Unfallflucht und Widerstand - Fahrer nüchtert im Gewahrsam aus

Nachdem ein Dortmunder Samstagnacht (23. Februar) eine Unfallflucht auf dem Wallring hingelegt hatte, alarmierten aufmerksame Zeugen die Polizei. Die Fahrt endete für den alkoholisierten Fahrer in einer Gewahrsamszelle.

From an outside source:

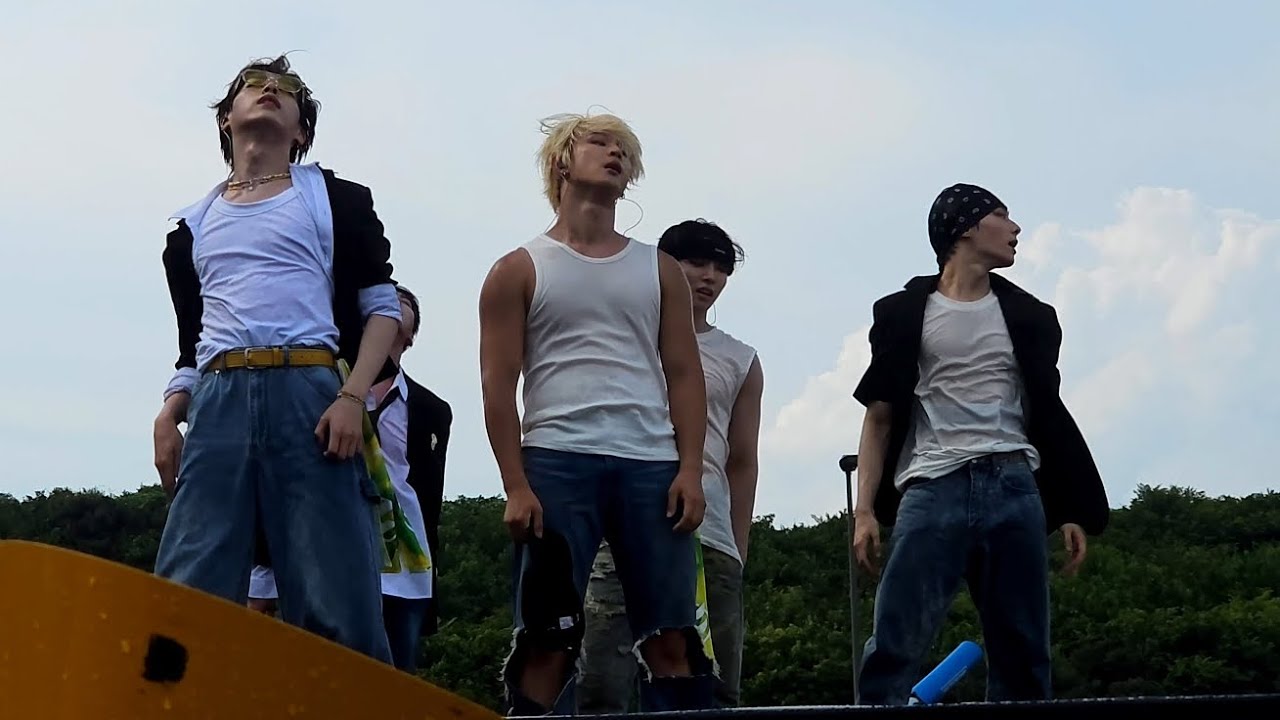 240727 원어스 도쿄워터밤 watch me burn + sexy back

Gleich mehrere Zeugen hatten gegen 22:50 Uhr beobachtet, wie der 53-jährige Dortmunder mit seinem Pkw Jaguar an den Betonabweisern der Baustelle auf dem Ostwall entlang geschrammt war. Trotzdem setzte der Mann seine Fahrt unbeirrt fort. Er beschleunigte und bremste seinen Jaguar dabei mehrfach auffällig stark ab. Polizeibeamten gelang es, den Fahrer anzusprechen, als dieser sein Auto an einer roten Ampel (Einmündung Brinkhoffstraße) anhalten musste.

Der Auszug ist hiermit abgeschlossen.